10

Is it possible to perform atomic and non-atomic ops on the same memory location?

I ask not because I actually want to do this, but because I'm trying to understand the C11/C++11 memory model. They define a "data race" like so:

The execution of a program contains a data race if it contains two conflicting actions in different threads, at least one of which is not atomic, and neither happens before the other. Any such data race results in undefined behavior. -- C11 §5.1.2.4 p25, C++11 § 1.10 p21

Its the "at least one of which is not atomic" part that is troubling me. If it weren't possible to mix atomic and non-atomic ops, it would just say "on an object which is not atomic."

I can't see any straightforward way of performing non-atomic operations on atomic variables. std::atomic<T> in C++ doesn't define any operations with non-atomic semantics. In C, all direct reads/writes of an atomic variable appear to be translated into atomic operations.

I suppose memcpy() and other direct memory operations might be a way of performing a non-atomic read/write on an atomic variable? ie. memcpy(&atomicvar, othermem, sizeof(atomicvar))? But is this even defined behavior? In C++, std::atomic is not copyable, so would it be defined behavior to memcpy() it in C or C++?
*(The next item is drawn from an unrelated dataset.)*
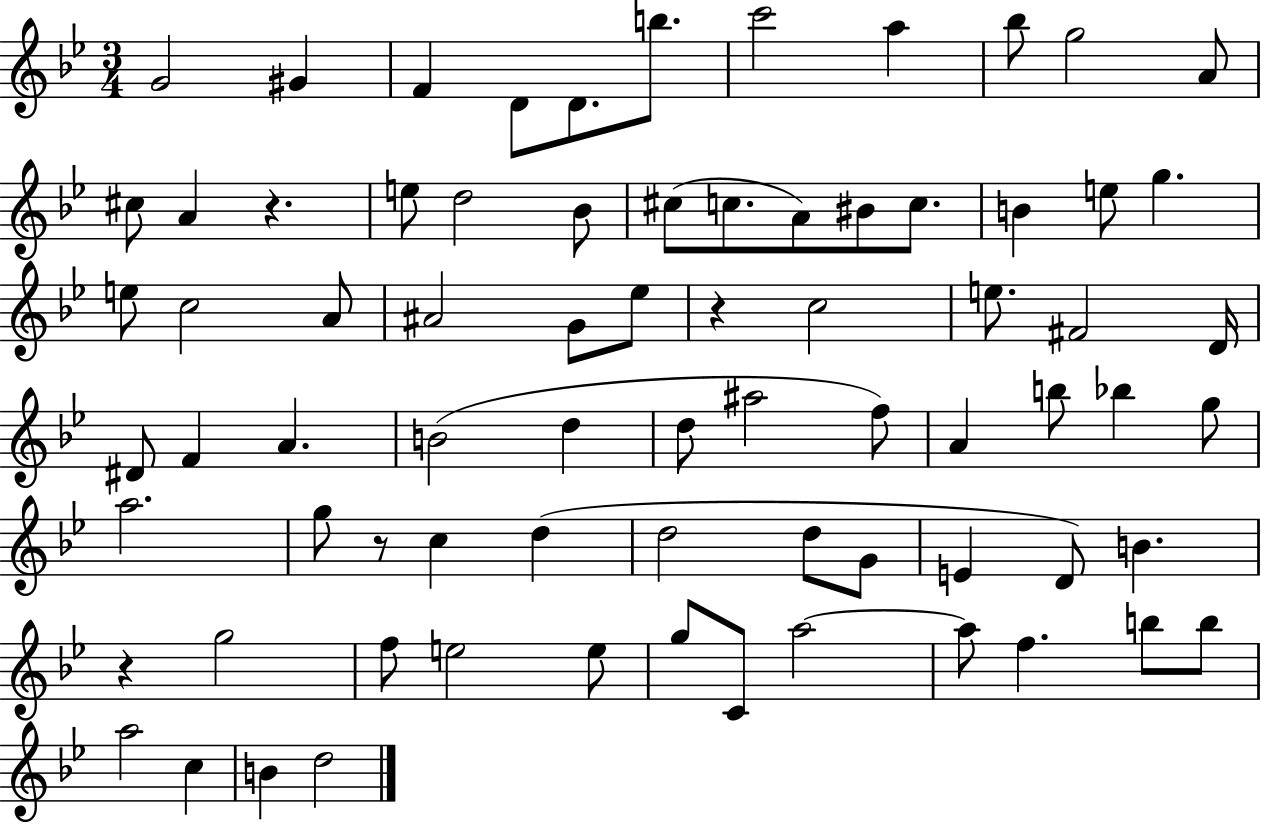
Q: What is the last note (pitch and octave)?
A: D5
Initialization of an atomic variable (whether through a constructor or atomic_init()) is defined to not be atomic. But this is a one-time operation: you're not allowed to initialize an atomic variable a second time. Placement new or an explicit destructor call could would also not be atomic. But in all of these cases, it doesn't seem like it would be defined behavior anyway to have a concurrent atomic operation that might be operating on an uninitialized value.

Performing atomic operations on non-atomic variables seems totally impossible: neither C nor C++ define any atomic functions that can operate on non-atomic variables.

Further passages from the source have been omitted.